Ho-hum fashion hinders holiday sales
A shaky economy and expensive gas may keep consumers from seasonal splurging, but there's another factor: no big fashion trends.
NEW YORK (Fortune) -- Sure, the economy is weakening, the housing market is slumping and gas prices are soaring, all of which weaken holiday shopping demand. But analysts say there is another reason why shoppers aren't splurging: Not enough new fashion.
Must-have fashion bolsters retail sales by making people feel their current wardrobes are out of date. That was the case in 2003, when color made a comeback and suddenly the black and gray of the previous decade looked stale. It happened again in 2004, when lady-like styles such as boucle jackets and ruffled blouses replaced the utilitarian looks of prior years. And again, in 2005, when a bohemian wave, marked by peasant skirts and tunics, flooded stores. Most recently, in 2006, there were skinny jeans and baby doll dresses -- styles that ushered in a whole new silhouette known as the "inverted triangle."

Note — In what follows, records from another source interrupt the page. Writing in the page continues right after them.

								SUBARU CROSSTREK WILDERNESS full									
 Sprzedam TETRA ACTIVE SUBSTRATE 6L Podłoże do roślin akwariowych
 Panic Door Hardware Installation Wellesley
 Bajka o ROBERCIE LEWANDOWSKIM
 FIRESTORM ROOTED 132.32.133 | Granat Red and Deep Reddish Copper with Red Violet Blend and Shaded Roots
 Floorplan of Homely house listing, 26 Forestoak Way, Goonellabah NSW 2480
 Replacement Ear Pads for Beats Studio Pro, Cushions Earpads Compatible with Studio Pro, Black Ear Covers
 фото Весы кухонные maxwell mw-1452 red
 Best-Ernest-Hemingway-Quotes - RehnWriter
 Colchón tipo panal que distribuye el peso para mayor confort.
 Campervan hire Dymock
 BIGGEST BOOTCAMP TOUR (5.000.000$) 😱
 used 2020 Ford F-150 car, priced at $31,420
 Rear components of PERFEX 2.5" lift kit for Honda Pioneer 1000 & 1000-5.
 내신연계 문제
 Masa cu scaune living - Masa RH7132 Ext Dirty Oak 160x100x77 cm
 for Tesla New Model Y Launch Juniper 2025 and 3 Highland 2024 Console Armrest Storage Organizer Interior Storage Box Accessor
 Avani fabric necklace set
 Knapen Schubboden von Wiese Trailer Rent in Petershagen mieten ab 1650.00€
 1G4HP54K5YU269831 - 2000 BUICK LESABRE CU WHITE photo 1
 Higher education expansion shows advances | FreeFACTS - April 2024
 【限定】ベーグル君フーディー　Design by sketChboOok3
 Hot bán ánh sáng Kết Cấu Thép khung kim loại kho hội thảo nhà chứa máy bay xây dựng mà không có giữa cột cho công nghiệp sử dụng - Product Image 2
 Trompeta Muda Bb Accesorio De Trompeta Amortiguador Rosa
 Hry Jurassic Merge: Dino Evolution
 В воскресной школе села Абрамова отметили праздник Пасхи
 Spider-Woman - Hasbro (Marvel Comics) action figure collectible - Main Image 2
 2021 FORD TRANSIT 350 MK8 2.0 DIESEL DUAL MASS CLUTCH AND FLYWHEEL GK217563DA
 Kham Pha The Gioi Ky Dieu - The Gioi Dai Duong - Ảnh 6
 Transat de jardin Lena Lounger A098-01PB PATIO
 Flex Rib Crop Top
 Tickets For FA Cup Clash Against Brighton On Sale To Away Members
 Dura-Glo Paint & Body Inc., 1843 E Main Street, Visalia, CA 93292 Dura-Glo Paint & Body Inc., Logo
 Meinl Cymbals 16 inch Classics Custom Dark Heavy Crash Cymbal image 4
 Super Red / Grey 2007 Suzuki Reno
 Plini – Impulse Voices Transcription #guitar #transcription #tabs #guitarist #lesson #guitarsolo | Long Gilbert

By comparison, 2007 has turned out to be somewhat of a fashion dud, according to analysts and retailers who parse the trends. For instance, of the 43 retailers tracked by Thomson Financial, the 13 who sell apparel posted the worst November sales results.
"What concerns me more than any of the macro-economic issues is the lack of excitement in fashion right now," said Marshal Cohen, the chief industry analyst with NPD Group, the market research firm. "As a retailer, if you are telling me the biggest trend out there is skinny jeans, good luck trying to grow your business."
Clothing still accounts for a majority of holiday shopping, although it has been losing ground in recent years. Some 54 percent of shoppers said they planned to purchase clothing this holiday season, according to a survey of 1,943 consumers conducted by NPD in September. While that is down from the 59 percent who said they intended to buy clothing last year, it is still well ahead of consumer electronics, the next largest category.
Aside from holiday gift staples like scarves and basic sweaters, shoppers are left with few alternatives for hot new fashion items. "The current clothing styles appear very similar to what we have seen in stores throughout the past year," noted Jennifer Black, a retail analyst, who recently completed an extensive tour of mall-based specialty retailers.
It's not just analysts who are lamenting the lack of exciting new fashion. In explaining why women's apparel was one of the softer categories during the third quarter, Karen Hoguet, the chief financial officer of Macy's, told a group of analysts "there does not appear to be enough in the fashion offering that is compelling."
Are complaints about ho-hum fashion just another excuse drummed up by retailers to explain lackluster sales? While some might overuse such explanations to mask other problems, factors such as fashion and the weather are a real part of the larger landscape - including the economy and even politics - that affect shoppers' buying habits. When it's 50 degrees in December, consumers don't rush to buy winter coats. And when there is no sweeping fashion trend, consumers "tend to make do with what's already in their closets," said Adrienne Tennant, an analyst with Friedman, Billings, Ramsey.
But fashion victims (and retailers) take heart: The spring season is on the horizon and with it comes a fresh batch of styles to tempt consumers. Spring is an important season, because it often sets the tone for the entire year. For instance, Brit Beemer, founder of America's Research Group, said that only 20 percent of the 1,000 consumers he surveyed in March said they would buy spring apparel in 2007, down from the 60 percent who said they planned to purchase apparel in the spring of 2006 - leading him to conclude that this would be a difficult year for clothing sales.
So what's on tap for spring 2008?
Kathryn Deane, president of trend forecaster Tobe predicts that longer, more fitted blazers and geometric patterns will be two big looks for spring. It's unclear whether these styles will be exciting enough to ignite sales. But Deane is betting the new looks will get people shopping. "You are going to want to wear lots of prints," Deane said. "Anything solid will feel out of date."